Tom and the children followed after and he found a good spot, out of the way of work, for them to perch and watch the shoeing. He himself went and smoothed the neck of the horse whose hooves Joe was working on. The stranger who had accosted Tom was haggling with Brackenstall half-heartedly — Tom guessed more from habit than need. It seemed that the man was offering to bring a couple of armed men, with their own carriage and weapons, so Tom wasn’t sure why anything needed to be charged at all, but he realized he was not at all up on the business of how to run a caravan.

Shortly Brackenstall excused himself to go back to his warehouse and see to the packing of the trade goods the caravan would be carrying as well as the victuals for the men.

“You can appreciate that there are a hundred details to be overseen before embarking on such a journey, I’m sure!” and the other agreed that he would not want any labour stinted.

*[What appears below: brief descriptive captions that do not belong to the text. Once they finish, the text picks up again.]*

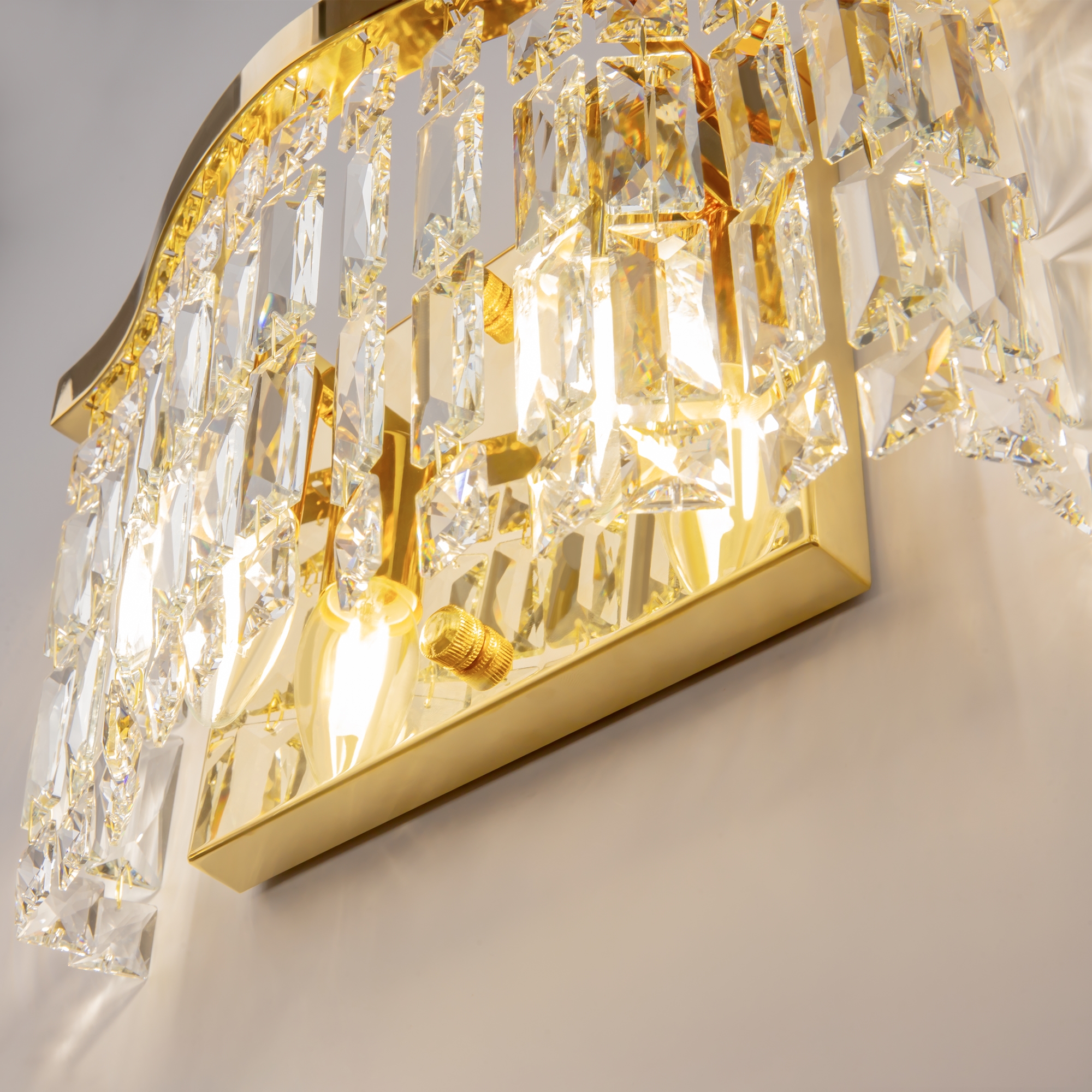 картинка Настенный светильник (бра) Maytoni DIA005WL-02G от магазина pro-decor.kz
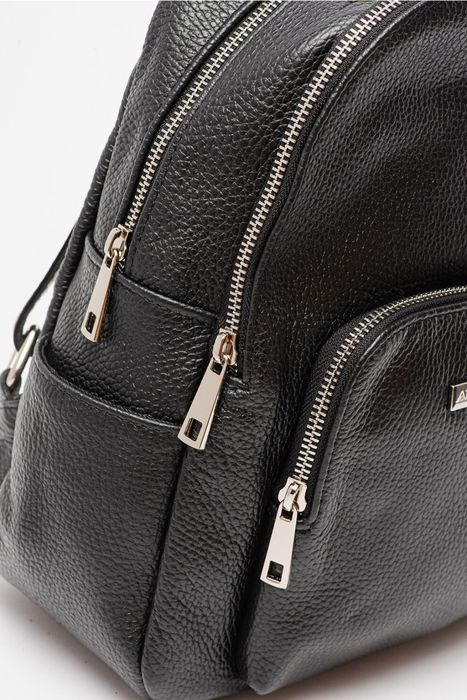 Дамска черна раница, естествена кожа на Antonia Moretti

С две отде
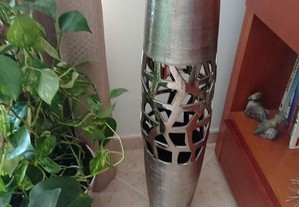 Jarrão decorativo em cerâmica prateada, com um toque de elgância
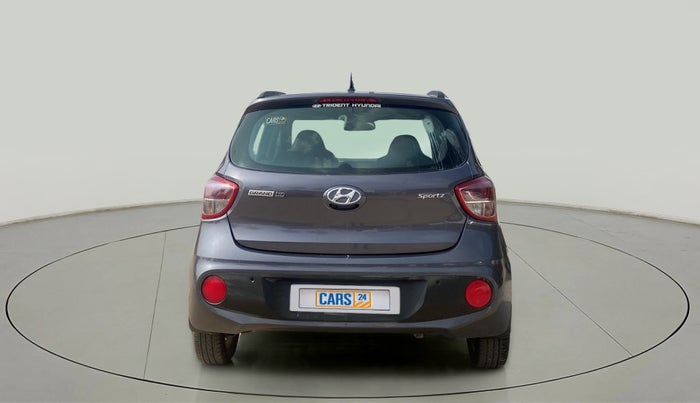 2018 Hyundai Grand i10 SPORTZ AT 1.2 KAPPA VTVT, Petrol, Automatic, 8,034 km, Back/Rear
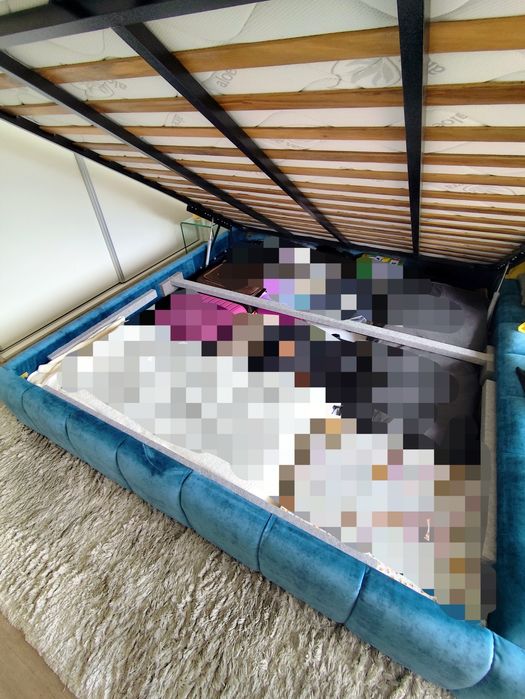 Cama casal com arrumação e banqueta lateral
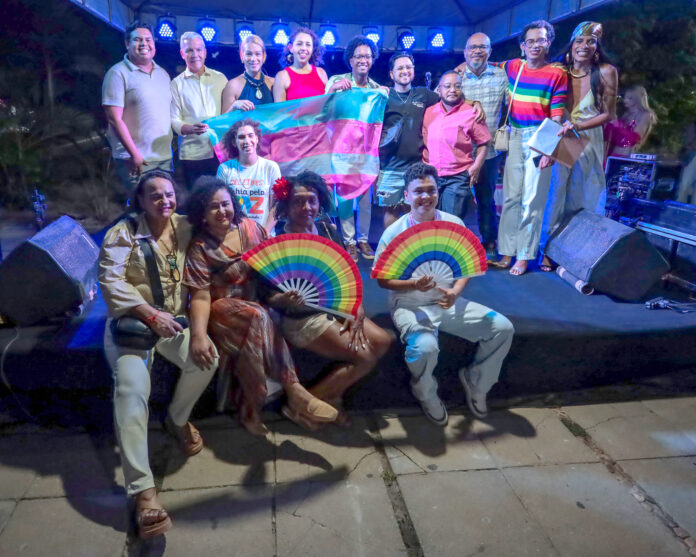 “O preconceito da ignorância só se supera com informação e diálogo”: Prefeitura de Juazeiro realiza retomada do Entardecer Trans com ações de inclusão e valorização da diversidade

The two broke off their congress with a handshake.

“Who was he?” Tom asked Joe, when both of the older men had left.

Joe did not glance up from the shoe he was hammering.

“Works for Lord Phipps, I gather. Seems His Lordship has decided to send his son to a new school in Abernetty.”

“Have I heard of Phipps? Who is he?”

“He holds Clareheath. I think it’s to the North-East of town, beyond Timonburn and Karistead.” Joe replied, shrugging.

“The investor’s name was Clare?”

“Clarence, I believe. Father of the current Lord Phipps.”

This told Tom all he cared to know at the moment, for, like most boys, he had little interest in the gentry. All of the gentry were descended from the original investors who had bought Victoria Colony, and very few holdings had yet passed into the hands of distaff descendants, so Phipps could be assumed to be the family name as well as the titled name. He could guess that, although Clarence Phipps was one of the original investors, he could not have been one of the biggest contributors, as Tom was fairly certain that Clareheath was not one of the holdings just outside of Victoria City.

As each animal was finished Brackenstall’s men took it away and brought another in. Daisy ran back and forth devising small games of ‘helping’ to amuse Ian, and the steady stream of animals kept everyone busy and kept Tom’s mind off of how nervous he was about leaving on the morrow.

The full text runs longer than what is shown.